PROPAGANDHI sind der Fels in der Brandung. Egal was kommt, sie treten für ihre Werte mit einer Überzeugung und Entschlossenheit ein, die in der selbstredend auch längst kommerzialisierten Schublade des Punk fast einzigartig ist. Dazu passt, dass sich die Band auf europäischen Bühnen seit jeher rar macht. Aber umso intensiver sind die Shows, wenn sie denn die alte Welt bereisen. Wie in Bochum, wo die mit etwa 700 Besuchern prall gefüllte Matrix zeigte, dass man nicht jährlich eine Platte veröffentlichen und dazu touren muss, um in bester Erinnerung zu verbleiben.

Dazu passten die Vorbands, gleich drei an der Zahl, die einmal mehr unterstrichen, dass PROPAGANDHI gern mit angestammtem Fachpersonal in deutscher Sprache die Clubs erschüttern. Erst kamen die Gäste, NEIN NEIN NEIN und RENTOKILL, danach die zum dritten Mal als Tour-Support der Kanadier fungierenden KAFKAS. Auf ihre Weise überzeugten sie alle. Die Frischlinge von NEIN NEIN NEIN präsentierten pünktlich um acht Uhr ihr unlängst veröffentlichtes Debütalbum „Deine Szene ist ein Zombie“ – und ernteten vom noch überschaubaren Publikum regen Zuspruch.

Kaum eine Dreiviertelstunde später standen bereits RENTOKILL auf der Bühne und zeigten im Rahmen ihrer beschränkten Spielzeit, warum sie zum derzeit Besten gehören, was der deutschsprachige Raum an amerikanisch geprägtem Punk-Rock zu bieten hat.
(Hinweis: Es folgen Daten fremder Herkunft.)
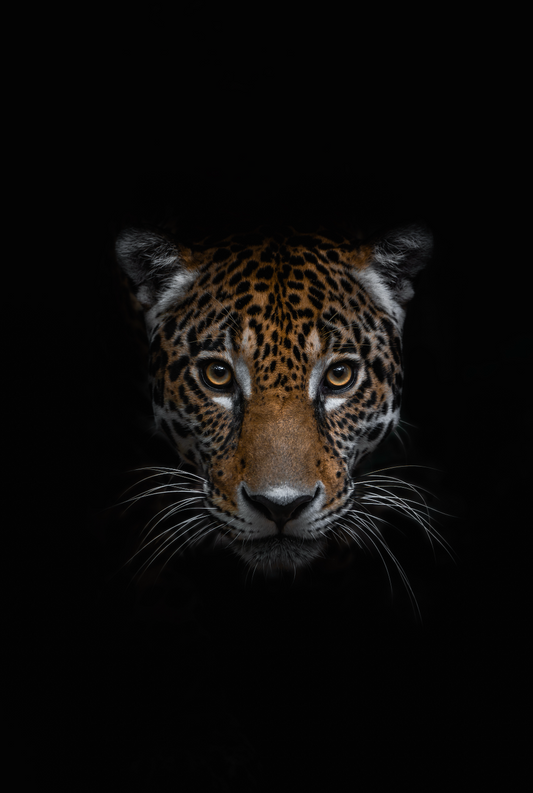 THE JAGUAR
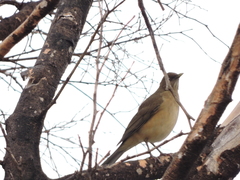 Turdus grayi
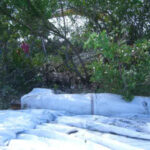 Port Saint Lucie, FL 2006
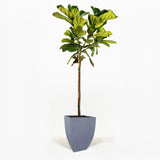 Fiddle Leaf Fig Tree in a decorative pot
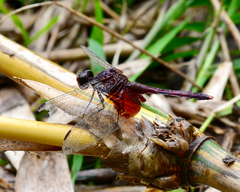 Erythrodiplax fervida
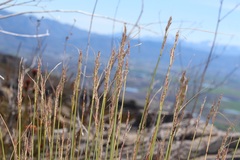 Schoenus cuspidatus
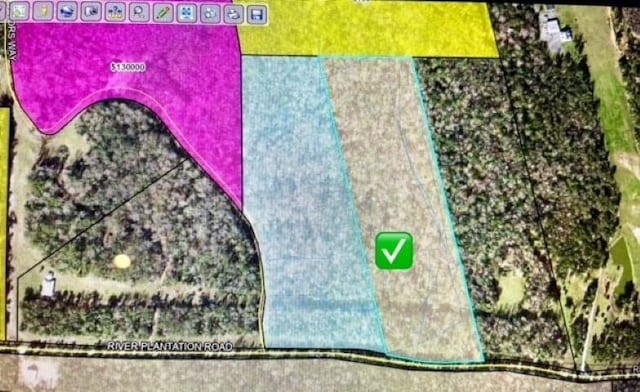 XX River Plantation Rd, Crawfordville, FL 32327 - photo 7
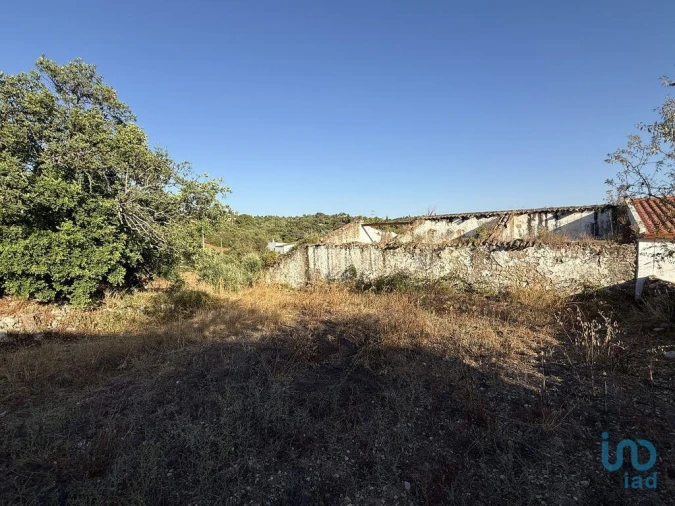 Terreno para Venda em Santa Barbara de Nexe Foto 10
Davon abgesehen prädestiniert die Österreicher bereits ihre politische Ambition als unbedingtes Vorprogramm von Chris Hannah und seinen Mannen. Ihr Bochum-Debüt gelang mit Bravour, weil sie nach verhaltenen Auftaktreaktionen echte Begeisterung ernteten. Bei Songs wie „Discontent Industry“, „Primetime Killers“ und „Songs of Convenience“ auch kein Wunder.
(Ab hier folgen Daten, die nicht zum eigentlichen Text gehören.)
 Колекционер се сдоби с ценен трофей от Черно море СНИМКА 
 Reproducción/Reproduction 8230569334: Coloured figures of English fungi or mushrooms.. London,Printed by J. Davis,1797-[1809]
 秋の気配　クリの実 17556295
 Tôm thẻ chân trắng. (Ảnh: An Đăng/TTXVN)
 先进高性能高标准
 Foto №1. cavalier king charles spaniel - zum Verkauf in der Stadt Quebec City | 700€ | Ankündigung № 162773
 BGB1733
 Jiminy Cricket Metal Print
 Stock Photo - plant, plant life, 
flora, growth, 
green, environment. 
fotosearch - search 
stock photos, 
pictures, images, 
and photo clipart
Die altgedienten KAFKAS zeigten neben …BUT ALIVE schon in den Neunzehnneunzigern, dass Deutsch-Punk nicht bloß Pathos und Parolen bedeuten muss. Seitdem ist nicht all zu viel passiert. Älter sind sie geworden, manches Gründungsmitglied wurde bereits in den Vorruhestand verabschiedet. Musikalisch aber sind sie klug und abwechslungsreich wie eh und je. Mit „Lebensrezeptur“, „Vegetarier können nicht tanzen“ oder „…wenn es eine Hölle gibt“ präsentierten sich die Fuldaer von ihrer stärksten Seite, was die sich in Teilen rasch verabschiedenden Zuschauer nicht so recht teilen mochten. Der Band war’s egal. Uns auch. Starker Auftritt, basta.

PROPAGANDHI begannen mit Soundproblemen. Es fehlte die Dynamik, das Tempo. Es dauerte jedoch nicht lange und die Show wurde das zu erwartende Feuerwerk. Das Set war klasse, neben „Nation States“ und „Anti-Manifesto“ wurde auch „Haillie Sallasse“ gespielt, zudem natürlich ausreichend Material von „Today’s Empires, Tomorrow’s Ashes“ und „Potemkin City Limits“. Auch neue Stücke wurden geboten, was die Hoffnung auf ein baldig erscheinendes fünftes Album nährt. Die Matrix jedenfalls kochte. Und mag es auch nicht das beste Konzert der klugen Kanadier gewesen sein, allein der Seltenheitswert ihrer Anwesenheit rechtfertigte die Visite unbedingt. Ein durchweg erinnerungswürdiger Abend.